● **Directions for this task**: Return each line of the records with nothing changed, pictures excepted.

[[ Available data open ]]

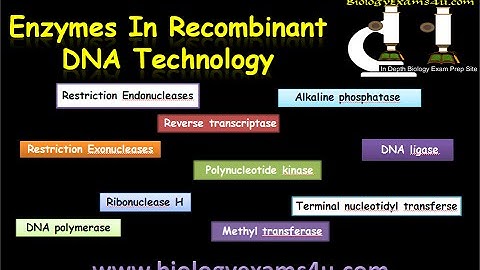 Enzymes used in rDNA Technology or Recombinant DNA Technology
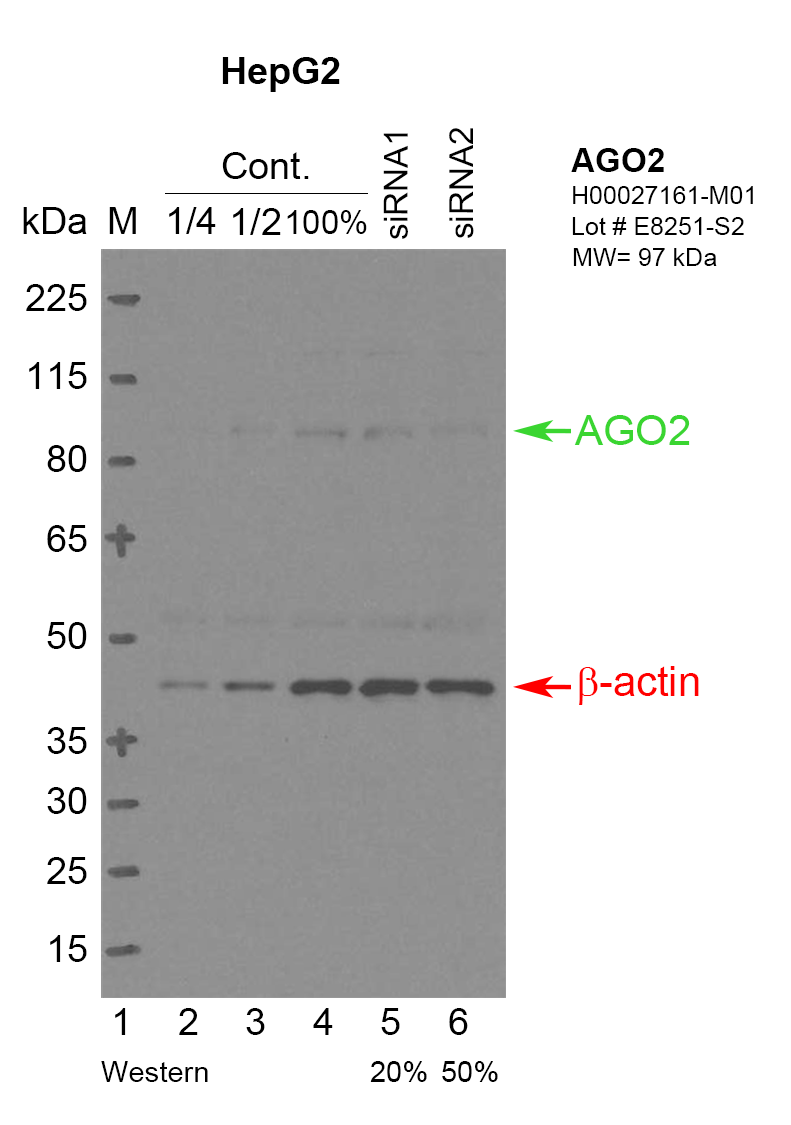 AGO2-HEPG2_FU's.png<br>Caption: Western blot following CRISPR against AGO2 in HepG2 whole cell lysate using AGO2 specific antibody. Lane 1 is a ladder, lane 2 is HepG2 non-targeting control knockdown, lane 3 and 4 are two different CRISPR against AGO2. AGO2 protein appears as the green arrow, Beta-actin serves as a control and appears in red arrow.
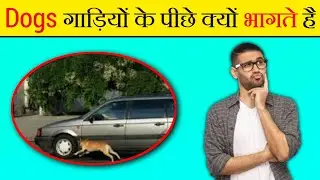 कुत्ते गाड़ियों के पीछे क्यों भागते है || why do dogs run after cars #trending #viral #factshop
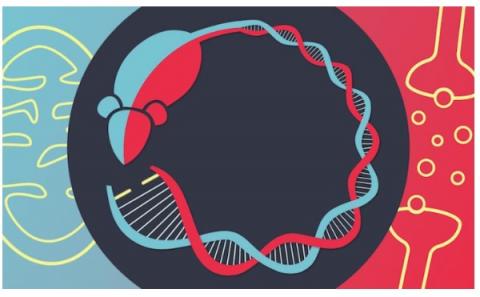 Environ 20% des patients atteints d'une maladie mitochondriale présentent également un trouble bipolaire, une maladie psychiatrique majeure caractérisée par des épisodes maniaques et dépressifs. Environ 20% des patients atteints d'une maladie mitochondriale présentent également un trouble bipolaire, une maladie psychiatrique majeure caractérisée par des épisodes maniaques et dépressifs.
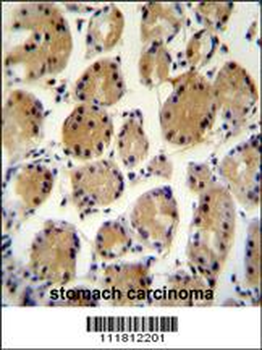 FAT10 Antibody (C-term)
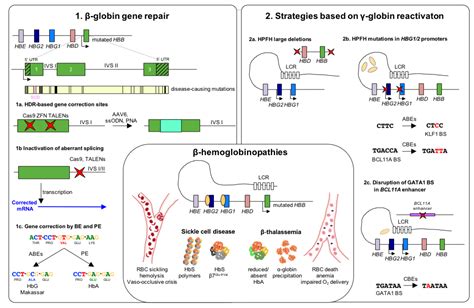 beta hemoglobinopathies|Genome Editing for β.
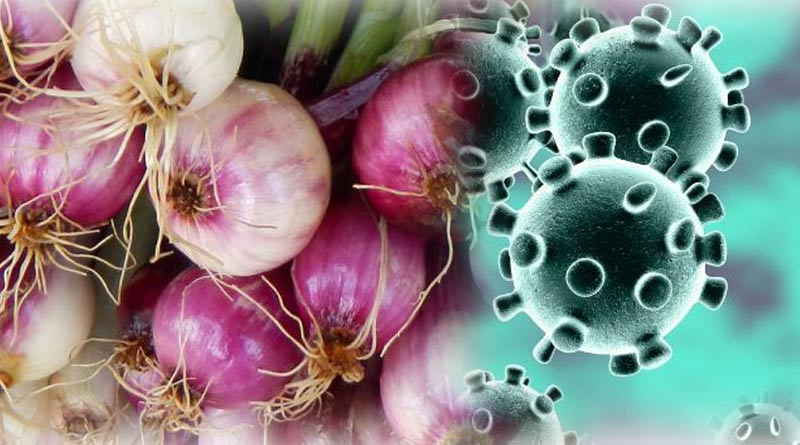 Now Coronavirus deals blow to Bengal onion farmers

[[ Available data closed ]]

● **Solved problem**:
 Enzymes used in rDNA Technology or Recombinant DNA Technology
 AGO2-HEPG2_FU's.png<br>Caption: Western blot following CRISPR against AGO2 in HepG2 whole cell lysate using AGO2 specific antibody. Lane 1 is a ladder, lane 2 is HepG2 non-targeting control knockdown, lane 3 and 4 are two different CRISPR against AGO2. AGO2 protein appears as the green arrow, Beta-actin serves as a control and appears in red arrow.
 कुत्ते गाड़ियों के पीछे क्यों भागते है || why do dogs run after cars #trending #viral #factshop
 Environ 20% des patients atteints d'une maladie mitochondriale présentent également un trouble bipolaire, une maladie psychiatrique majeure caractérisée par des épisodes maniaques et dépressifs. Environ 20% des patients atteints d'une maladie mitochondriale présentent également un trouble bipolaire, une maladie psychiatrique majeure caractérisée par des épisodes maniaques et dépressifs.
 FAT10 Antibody (C-term)
 beta hemoglobinopathies|Genome Editing for β.
 Now Coronavirus deals blow to Bengal onion farmers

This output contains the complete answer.